◆ About this task
Each record should be given back exactly, with none missing.

Stored records:
════════

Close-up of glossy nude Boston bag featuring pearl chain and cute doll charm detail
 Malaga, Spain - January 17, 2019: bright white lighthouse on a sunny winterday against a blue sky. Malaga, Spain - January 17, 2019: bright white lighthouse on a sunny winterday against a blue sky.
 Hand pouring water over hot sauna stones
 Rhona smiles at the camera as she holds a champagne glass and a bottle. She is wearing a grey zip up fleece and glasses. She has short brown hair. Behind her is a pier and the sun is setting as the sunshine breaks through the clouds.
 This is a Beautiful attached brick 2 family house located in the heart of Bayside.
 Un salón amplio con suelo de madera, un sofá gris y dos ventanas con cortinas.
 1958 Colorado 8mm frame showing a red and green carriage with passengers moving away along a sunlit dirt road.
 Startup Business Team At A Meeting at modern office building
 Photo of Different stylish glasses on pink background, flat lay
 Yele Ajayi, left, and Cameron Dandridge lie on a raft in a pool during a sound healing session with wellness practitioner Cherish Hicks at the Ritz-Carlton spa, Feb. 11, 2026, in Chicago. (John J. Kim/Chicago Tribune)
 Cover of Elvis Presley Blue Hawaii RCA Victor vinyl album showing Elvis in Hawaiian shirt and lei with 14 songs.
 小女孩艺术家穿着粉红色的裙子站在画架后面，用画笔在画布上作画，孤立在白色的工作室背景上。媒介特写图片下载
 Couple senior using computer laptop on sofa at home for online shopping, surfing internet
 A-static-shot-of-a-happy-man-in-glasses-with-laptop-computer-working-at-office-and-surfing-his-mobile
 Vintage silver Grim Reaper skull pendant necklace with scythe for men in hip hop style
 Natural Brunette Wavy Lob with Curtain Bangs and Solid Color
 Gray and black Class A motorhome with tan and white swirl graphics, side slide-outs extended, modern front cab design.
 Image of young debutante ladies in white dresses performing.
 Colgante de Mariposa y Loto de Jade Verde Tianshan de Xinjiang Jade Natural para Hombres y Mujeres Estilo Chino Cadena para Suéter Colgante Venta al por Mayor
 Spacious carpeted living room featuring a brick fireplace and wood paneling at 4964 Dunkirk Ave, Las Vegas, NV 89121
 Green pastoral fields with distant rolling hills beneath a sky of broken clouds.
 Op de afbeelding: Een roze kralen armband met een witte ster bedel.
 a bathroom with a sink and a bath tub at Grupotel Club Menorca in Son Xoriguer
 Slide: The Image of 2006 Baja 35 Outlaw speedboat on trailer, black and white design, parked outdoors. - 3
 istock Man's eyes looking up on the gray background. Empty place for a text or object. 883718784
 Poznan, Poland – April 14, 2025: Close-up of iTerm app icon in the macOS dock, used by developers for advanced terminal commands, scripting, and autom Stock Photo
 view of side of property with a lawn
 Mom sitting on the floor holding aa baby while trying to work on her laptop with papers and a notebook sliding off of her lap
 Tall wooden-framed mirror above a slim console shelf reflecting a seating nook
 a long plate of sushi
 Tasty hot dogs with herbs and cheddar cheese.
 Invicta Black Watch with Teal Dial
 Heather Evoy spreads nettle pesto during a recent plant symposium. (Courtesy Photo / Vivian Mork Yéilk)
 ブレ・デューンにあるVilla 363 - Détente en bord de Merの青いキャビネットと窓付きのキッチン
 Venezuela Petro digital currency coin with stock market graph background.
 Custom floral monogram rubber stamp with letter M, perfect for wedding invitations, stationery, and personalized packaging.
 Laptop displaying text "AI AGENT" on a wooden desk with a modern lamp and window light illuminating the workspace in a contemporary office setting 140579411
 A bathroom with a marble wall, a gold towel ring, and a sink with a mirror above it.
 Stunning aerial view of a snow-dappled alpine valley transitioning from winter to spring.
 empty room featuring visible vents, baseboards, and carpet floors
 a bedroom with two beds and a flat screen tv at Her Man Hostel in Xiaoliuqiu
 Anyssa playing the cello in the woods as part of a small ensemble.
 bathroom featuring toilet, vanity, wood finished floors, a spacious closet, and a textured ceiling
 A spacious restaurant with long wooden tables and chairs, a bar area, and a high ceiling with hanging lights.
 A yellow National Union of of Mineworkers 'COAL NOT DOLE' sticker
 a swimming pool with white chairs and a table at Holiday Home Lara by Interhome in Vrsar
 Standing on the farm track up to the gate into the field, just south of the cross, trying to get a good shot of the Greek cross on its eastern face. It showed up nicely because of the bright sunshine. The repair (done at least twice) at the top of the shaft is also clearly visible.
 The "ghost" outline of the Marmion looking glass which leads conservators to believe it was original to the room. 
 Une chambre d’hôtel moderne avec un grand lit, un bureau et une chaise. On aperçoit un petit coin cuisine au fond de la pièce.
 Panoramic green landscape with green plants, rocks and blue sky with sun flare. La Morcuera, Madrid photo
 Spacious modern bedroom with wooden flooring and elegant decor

════════

◆ Expected answer
Close-up of glossy nude Boston bag featuring pearl chain and cute doll charm detail
 Malaga, Spain - January 17, 2019: bright white lighthouse on a sunny winterday against a blue sky. Malaga, Spain - January 17, 2019: bright white lighthouse on a sunny winterday against a blue sky.
 Hand pouring water over hot sauna stones
 Rhona smiles at the camera as she holds a champagne glass and a bottle. She is wearing a grey zip up fleece and glasses. She has short brown hair. Behind her is a pier and the sun is setting as the sunshine breaks through the clouds.
 This is a Beautiful attached brick 2 family house located in the heart of Bayside.
 Un salón amplio con suelo de madera, un sofá gris y dos ventanas con cortinas.
 1958 Colorado 8mm frame showing a red and green carriage with passengers moving away along a sunlit dirt road.
 Startup Business Team At A Meeting at modern office building
 Photo of Different stylish glasses on pink background, flat lay
 Yele Ajayi, left, and Cameron Dandridge lie on a raft in a pool during a sound healing session with wellness practitioner Cherish Hicks at the Ritz-Carlton spa, Feb. 11, 2026, in Chicago. (John J. Kim/Chicago Tribune)
 Cover of Elvis Presley Blue Hawaii RCA Victor vinyl album showing Elvis in Hawaiian shirt and lei with 14 songs.
 小女孩艺术家穿着粉红色的裙子站在画架后面，用画笔在画布上作画，孤立在白色的工作室背景上。媒介特写图片下载
 Couple senior using computer laptop on sofa at home for online shopping, surfing internet
 A-static-shot-of-a-happy-man-in-glasses-with-laptop-computer-working-at-office-and-surfing-his-mobile
 Vintage silver Grim Reaper skull pendant necklace with scythe for men in hip hop style
 Natural Brunette Wavy Lob with Curtain Bangs and Solid Color
 Gray and black Class A motorhome with tan and white swirl graphics, side slide-outs extended, modern front cab design.
 Image of young debutante ladies in white dresses performing.
 Colgante de Mariposa y Loto de Jade Verde Tianshan de Xinjiang Jade Natural para Hombres y Mujeres Estilo Chino Cadena para Suéter Colgante Venta al por Mayor
 Spacious carpeted living room featuring a brick fireplace and wood paneling at 4964 Dunkirk Ave, Las Vegas, NV 89121
 Green pastoral fields with distant rolling hills beneath a sky of broken clouds.
 Op de afbeelding: Een roze kralen armband met een witte ster bedel.
 a bathroom with a sink and a bath tub at Grupotel Club Menorca in Son Xoriguer
 Slide: The Image of 2006 Baja 35 Outlaw speedboat on trailer, black and white design, parked outdoors. - 3
 istock Man's eyes looking up on the gray background. Empty place for a text or object. 883718784
 Poznan, Poland – April 14, 2025: Close-up of iTerm app icon in the macOS dock, used by developers for advanced terminal commands, scripting, and autom Stock Photo
 view of side of property with a lawn
 Mom sitting on the floor holding aa baby while trying to work on her laptop with papers and a notebook sliding off of her lap
 Tall wooden-framed mirror above a slim console shelf reflecting a seating nook
 a long plate of sushi
 Tasty hot dogs with herbs and cheddar cheese.
 Invicta Black Watch with Teal Dial
 Heather Evoy spreads nettle pesto during a recent plant symposium. (Courtesy Photo / Vivian Mork Yéilk)
 ブレ・デューンにあるVilla 363 - Détente en bord de Merの青いキャビネットと窓付きのキッチン
 Venezuela Petro digital currency coin with stock market graph background.
 Custom floral monogram rubber stamp with letter M, perfect for wedding invitations, stationery, and personalized packaging.
 Laptop displaying text "AI AGENT" on a wooden desk with a modern lamp and window light illuminating the workspace in a contemporary office setting 140579411
 A bathroom with a marble wall, a gold towel ring, and a sink with a mirror above it.
 Stunning aerial view of a snow-dappled alpine valley transitioning from winter to spring.
 empty room featuring visible vents, baseboards, and carpet floors
 a bedroom with two beds and a flat screen tv at Her Man Hostel in Xiaoliuqiu
 Anyssa playing the cello in the woods as part of a small ensemble.
 bathroom featuring toilet, vanity, wood finished floors, a spacious closet, and a textured ceiling
 A spacious restaurant with long wooden tables and chairs, a bar area, and a high ceiling with hanging lights.
 A yellow National Union of of Mineworkers 'COAL NOT DOLE' sticker
 a swimming pool with white chairs and a table at Holiday Home Lara by Interhome in Vrsar
 Standing on the farm track up to the gate into the field, just south of the cross, trying to get a good shot of the Greek cross on its eastern face. It showed up nicely because of the bright sunshine. The repair (done at least twice) at the top of the shaft is also clearly visible.
 The "ghost" outline of the Marmion looking glass which leads conservators to believe it was original to the room. 
 Une chambre d’hôtel moderne avec un grand lit, un bureau et une chaise. On aperçoit un petit coin cuisine au fond de la pièce.
 Panoramic green landscape with green plants, rocks and blue sky with sun flare. La Morcuera, Madrid photo
 Spacious modern bedroom with wooden flooring and elegant decor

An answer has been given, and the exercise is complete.